This post is part two in a series of posts introducing funspotr. See also:
- Identifying R Functions & Packages Used in GitHub Repos (funspotr part 2)
- Network plots of code collections (funspotr part 3)
This post shows how funspotr can also be applied to parse gists:
By functions or packages used…?https://t.co/kbSLOpQZLF
— Bryan Shalloway (@brshallo) January 22, 2022
A problem I bumped into was that most of Chelsea’s gists don’t actually have .R or .Rmd extensions so my approach skipped most of her snippets. I wanted to parse my own gists but ran into a related problem that most of my github gist code snippets are saved as .md files1 so knitr::purl()
won’t work2.
In this post I…
- create a function to extract code chunks from simple .md files
- parse the functions and packages in my code using funspotr3.
This post was updated on 2023-10-11 to make it consistent with updated {funspotr}
code. Tables were also updated to reflect brshallo gists at this time. The following post on network plots however was not updated.
Parsing code
First I used funspotr to get a table with all of my gists.
library(dplyr)
library(purrr)
library(stringr)
library(funspotr)
brshallo_gists <- funspotr::list_files_github_gists("brshallo", pattern = ".")
brshallo_gists
## # A tibble: 112 × 2
## relative_paths absolute_paths
## <chr> <chr>
## 1 find_in_files.R https://gist.githubusercontent.…
## 2 permits-issued.md https://gist.githubusercontent.…
## 3 seattle-units-added-new-permits.md https://gist.githubusercontent.…
## 4 rolling-mean-conditioned-date.R https://gist.githubusercontent.…
## 5 rolling-mean-conditioned-on-iteration-date.R https://gist.githubusercontent.…
## 6 lag-multiple-across.md https://gist.githubusercontent.…
## 7 log-log-transform-example.md https://gist.githubusercontent.…
## 8 convert-currencies.R https://gist.githubusercontent.…
## 9 unique-set-speed-test.R https://gist.githubusercontent.…
## 10 unique-combinations.R https://gist.githubusercontent.…
## # ℹ 102 more rows
Parsing R files
funspotr is already set-up to parse all the unique functions and packages from R or Rmd files.

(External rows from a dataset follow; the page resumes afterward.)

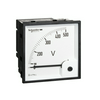 Feszültségmérő beépíthető 0-500V AC 1.5-osztály 96mm x 96mm Analog AMP Schneider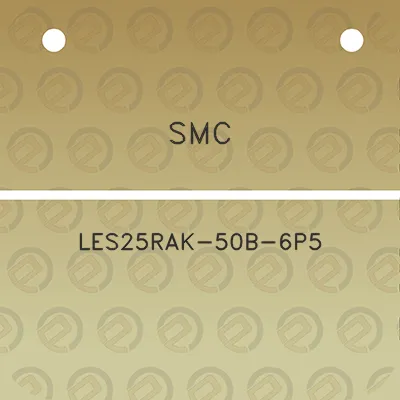 smc-les25rak-50b-6p5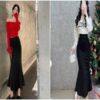 Gợi ý cách phối đồ với chân váy đuôi cá dài tôn dáng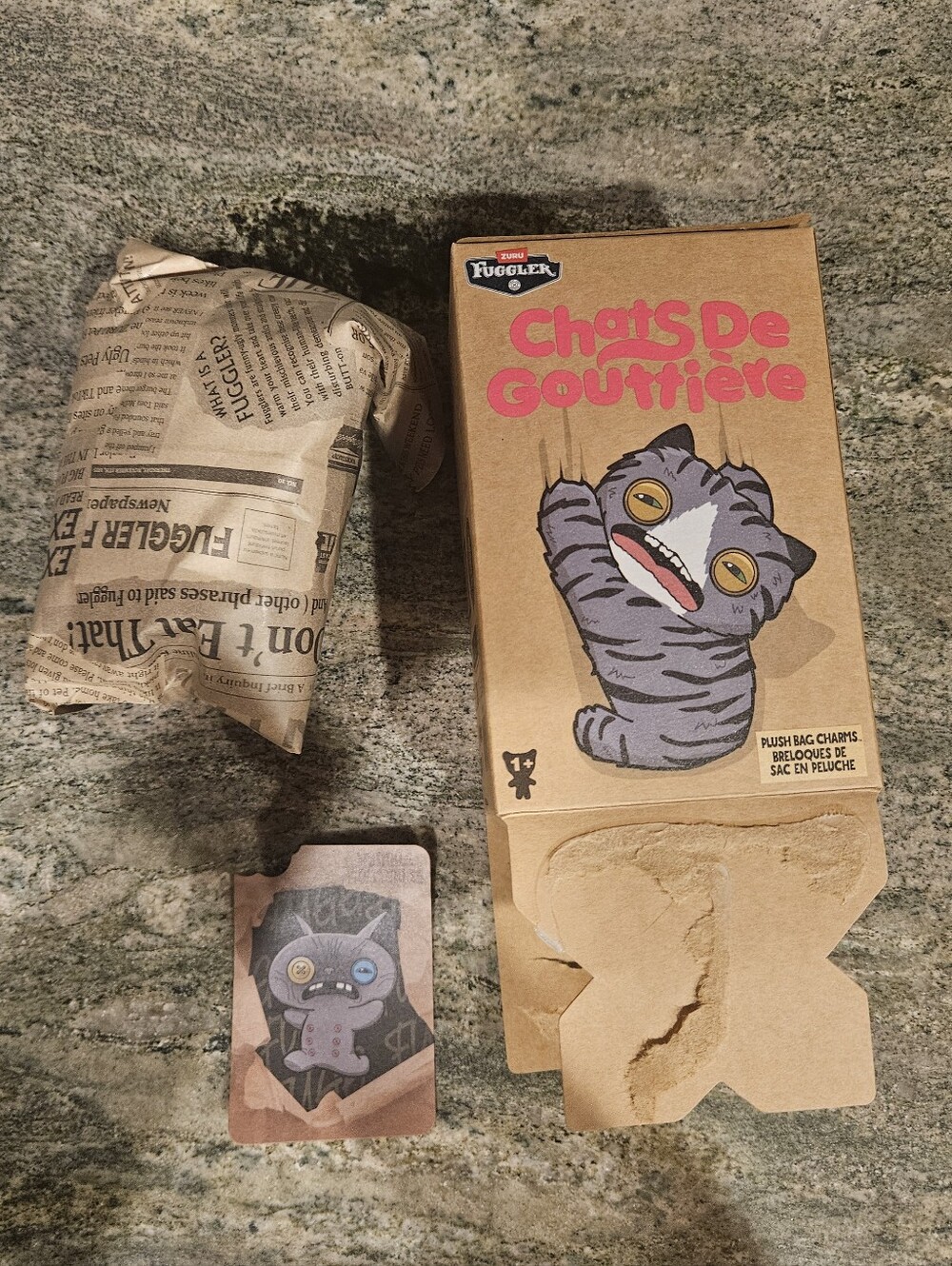 Brand New, Never Opened SECRET Wrinkle McStinkles Fuggler Ally Cats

r_gists <- brshallo_gists %>%
filter(funspotr:::str_detect_r_docs(relative_paths))
r_gists_parsed <- funspotr::spot_funs_files(r_gists)
r_gists_unnested <- r_gists_parsed %>%
funspotr::unnest_results()
Hidden from this post but a warning message indicates a couple files which did not parse correctly. In this particular case those files were created using reprexes for .md output but I saved them as .R files – hence they failed parsing.
r_gists_unnested
## # A tibble: 701 × 4
## funs pkgs relative_paths absolute_paths
## <chr> <chr> <chr> <chr>
## 1 library base find_in_files.R https://gist.githubuserconte…

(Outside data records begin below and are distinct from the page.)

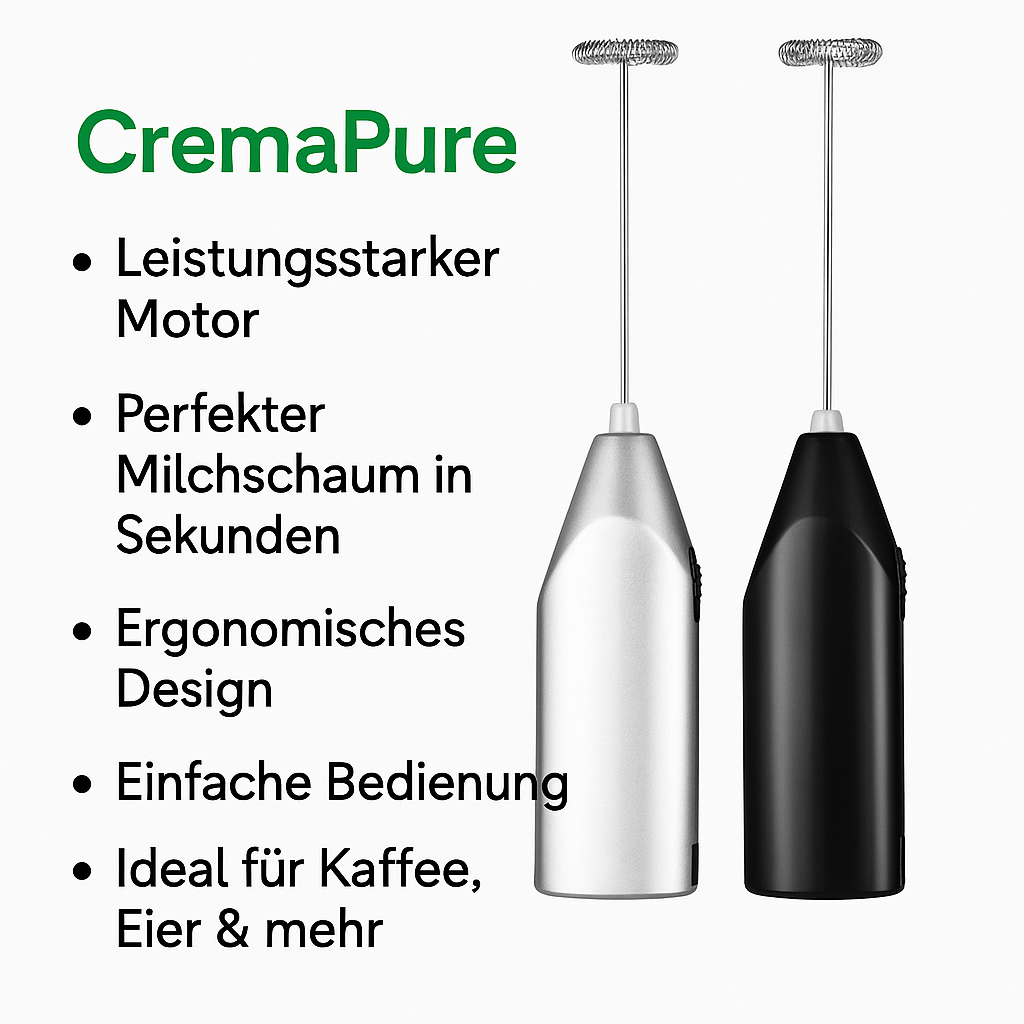 CremaPure - Der Milchschäumer der alles kann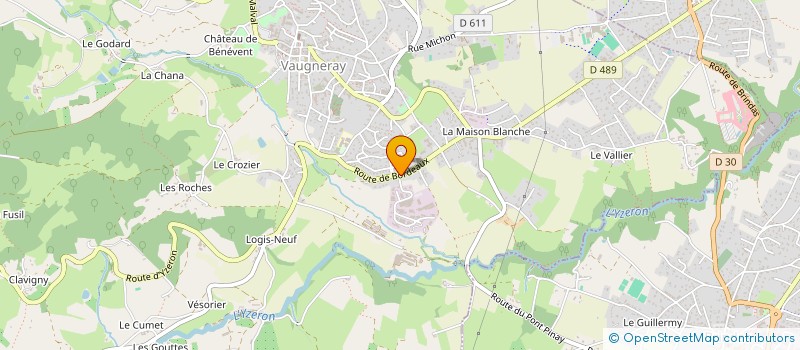 localisation de l'entreprise ARCE ENERGIE à VAUGNERAY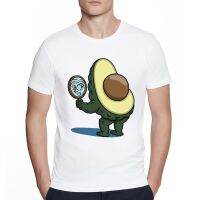 Funny Fruit Creative Avocado Hunchvocado Print T-Shirt Pop Tops Punk Hip Hop Unisex Streetwear Casual Tops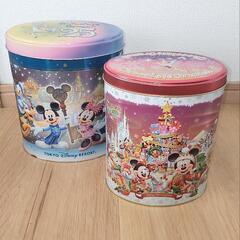 お好きな方へ ディズニー缶 おみやげお菓子の空き缶の画像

## 2 dir_ls fs find_in_files.R https://gist.githubuserconte…
## 3 map purrr find_in_files.R https://gist.githubuserconte…
## 4 grep base find_in_files.R https://gist.githubuserconte…

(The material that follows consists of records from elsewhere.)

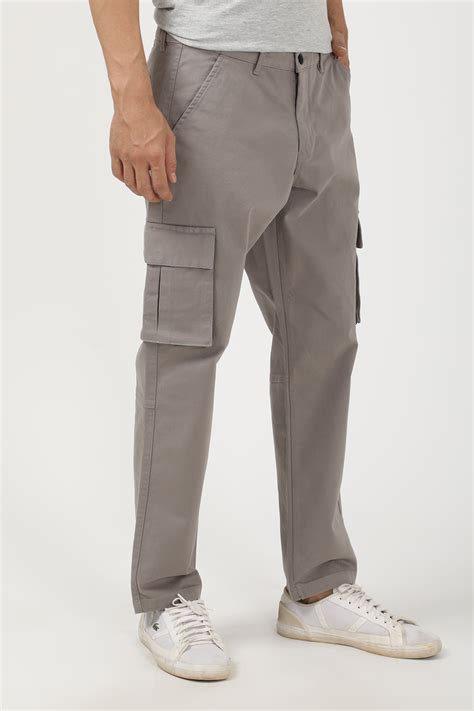 Creed - Comfort Cargo Trouser - Grey – POE.NET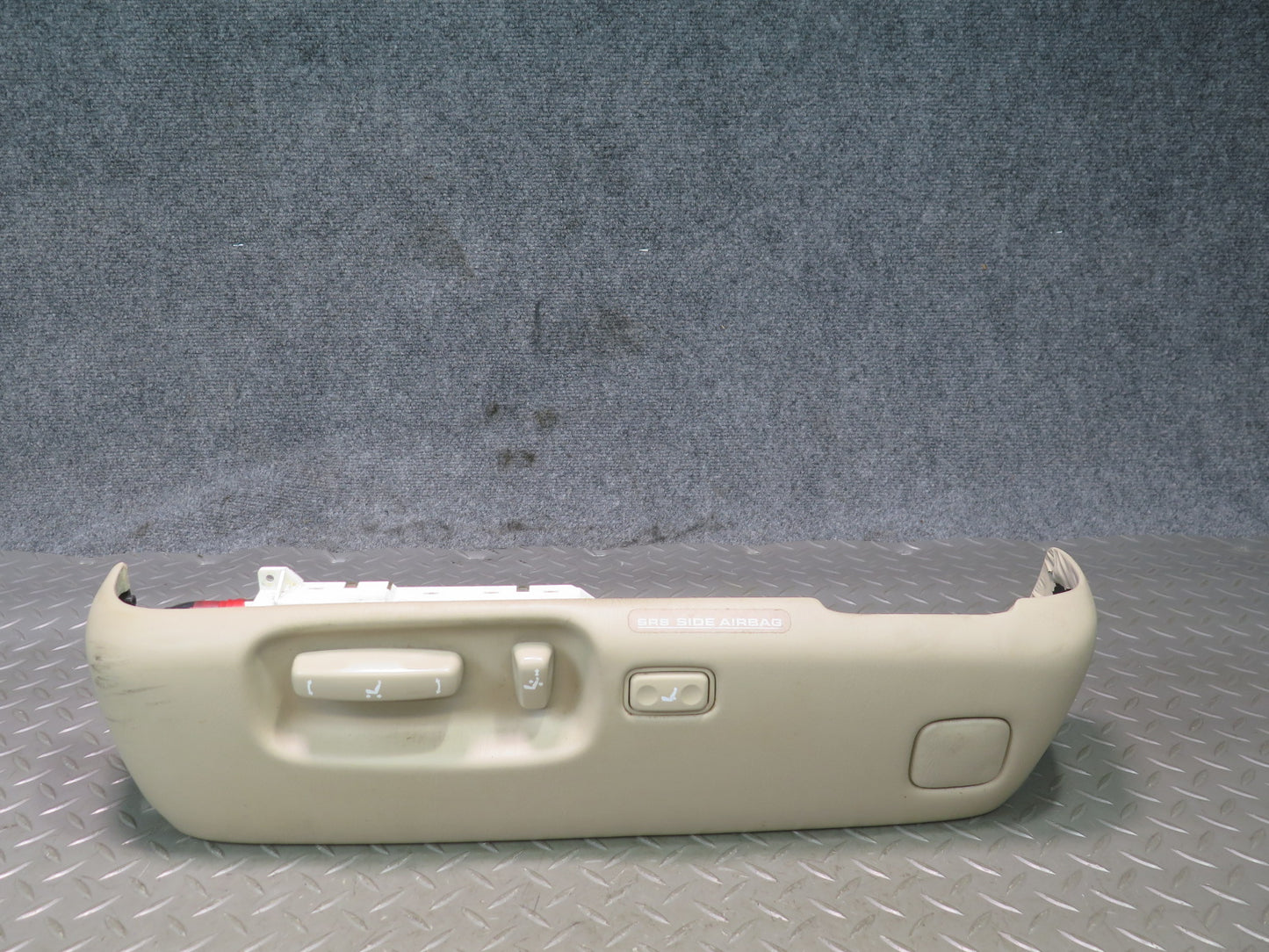98-00 Lexus UCF20L LS400 Front Left Seat Adjust Trim Cover  w Switch Ivory OEM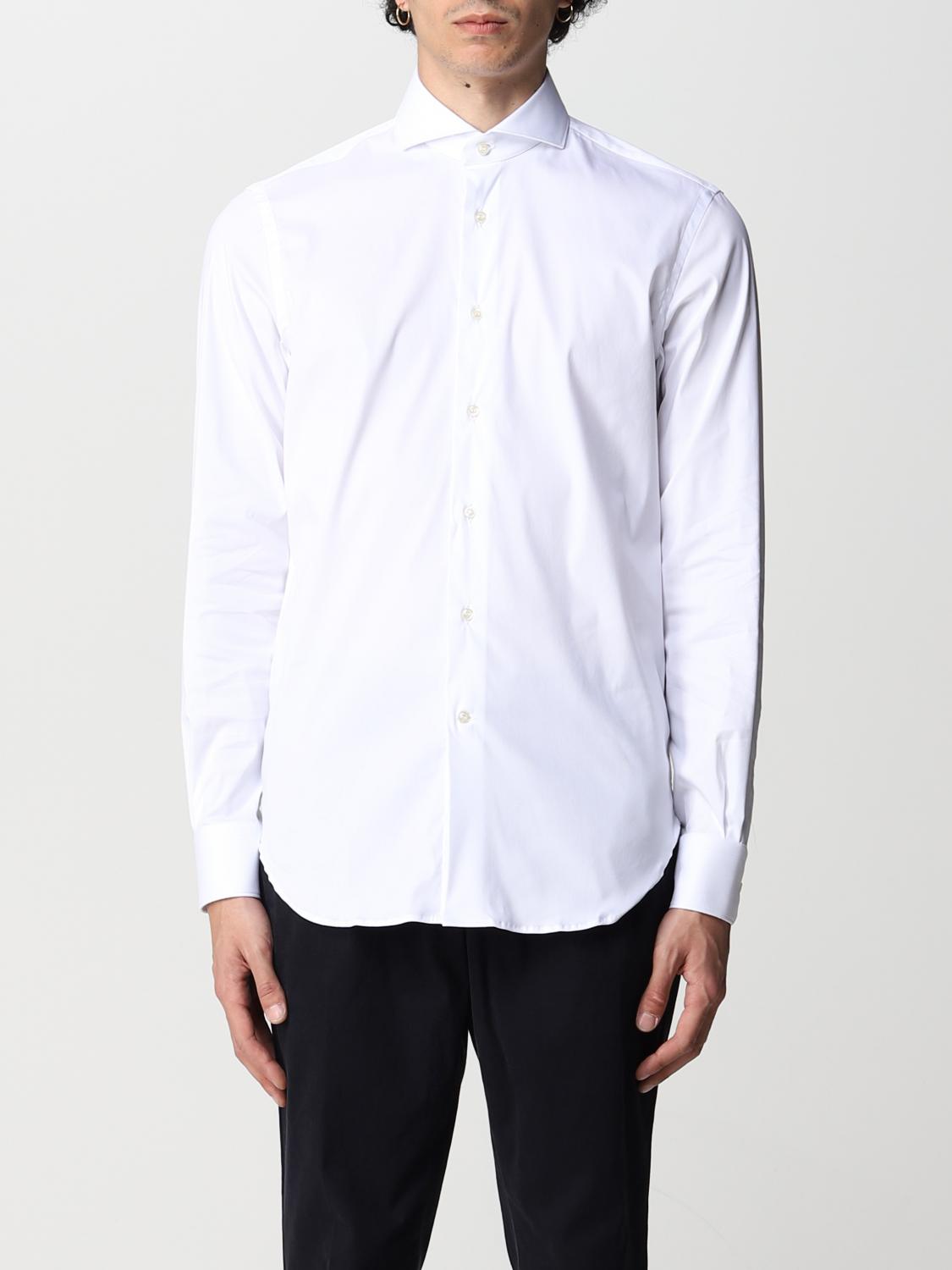 BOGGI MILANO CAMICIA: Camicia Boggi Milano in cotone e nylon, Bianco - Img 1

## 5 readLines base find_in_files.R https://gist.githubuserconte…
## 6 keep purrr find_in_files.R https://gist.githubuserconte…
## 7 length base find_in_files.R https://gist.githubuserconte…
## 8 library base rolling-mean-conditioned-date.R https://gist.githubuserconte…
## 9 seq base rolling-mean-conditioned-date.R https://gist.githubuserconte…
## 10 map purrr rolling-mean-conditioned-date.R https://gist.githubuserconte…
## # ℹ 691 more rows
Parsing markdown files
To parse my .md files, I wrote a function here extract_code_md()
that…
- reads in a file
- extracts the text in code chunks4
- saves it to a temporary file
- returns the file path of the temporary file
subset_even <- function(x) x[!seq_along(x) %% 2]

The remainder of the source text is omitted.